(Captioned web image data)
========================================================================

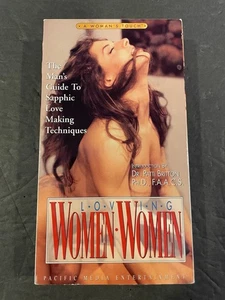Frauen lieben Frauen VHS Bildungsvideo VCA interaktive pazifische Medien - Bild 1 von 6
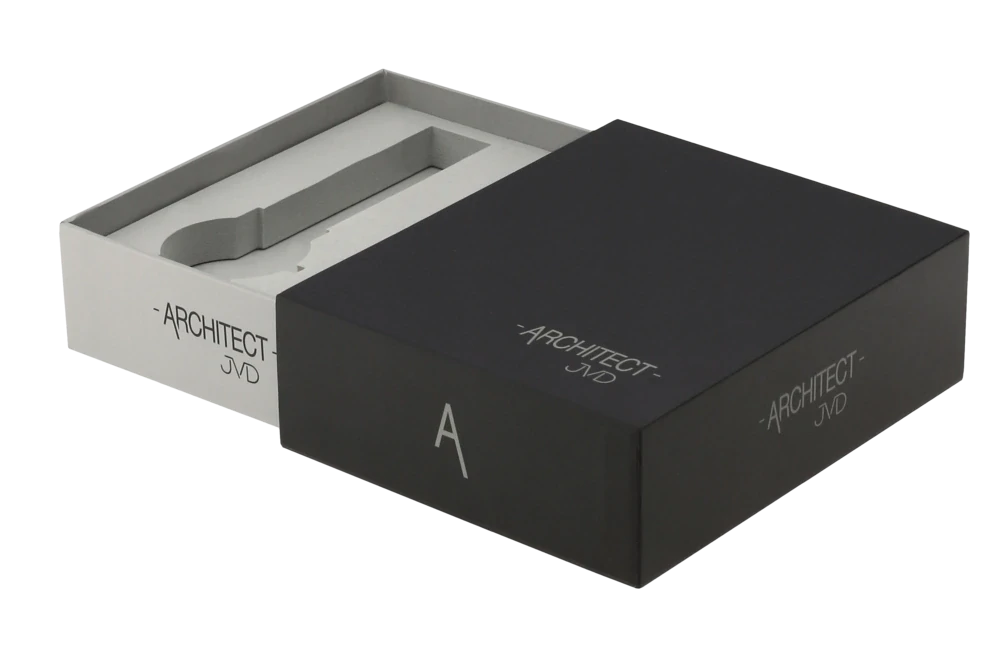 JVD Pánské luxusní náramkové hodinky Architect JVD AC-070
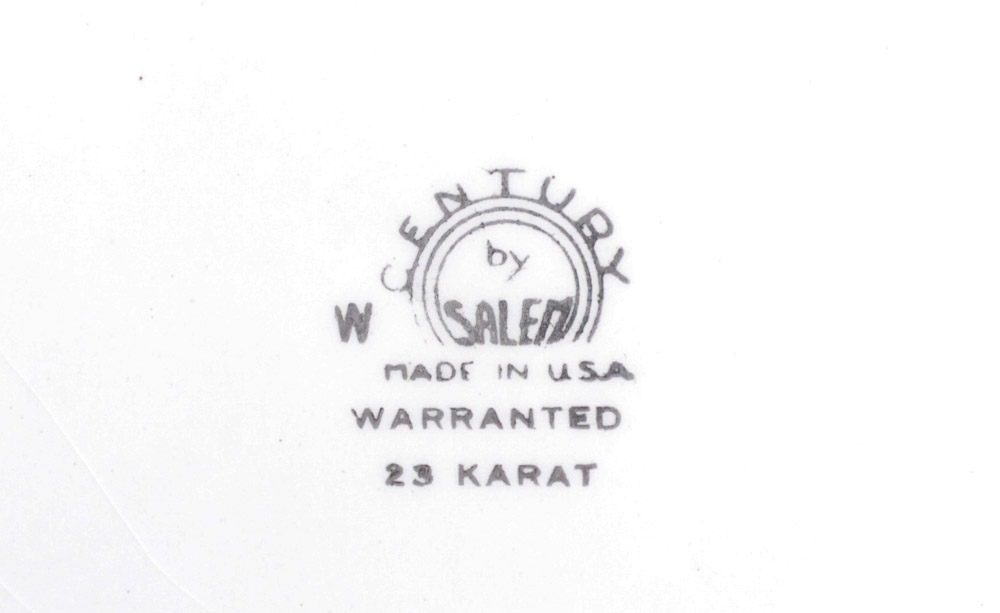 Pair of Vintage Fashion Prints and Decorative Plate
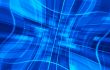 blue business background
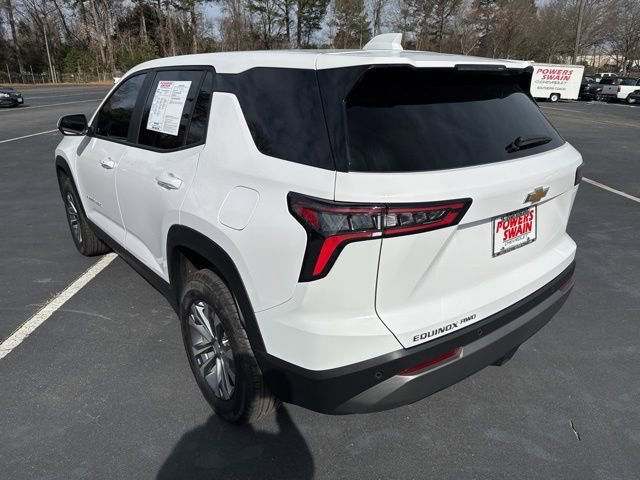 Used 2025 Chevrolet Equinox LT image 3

========================================================================

■ **EXERCISE DESCRIPTION**:
Both the line containing "blue business background" and the last line of the records above belong in the exact copy, along with every line between them; pictures do not.

■ **TASK OUTPUT**:
 blue business background
 Used 2025 Chevrolet Equinox LT image 3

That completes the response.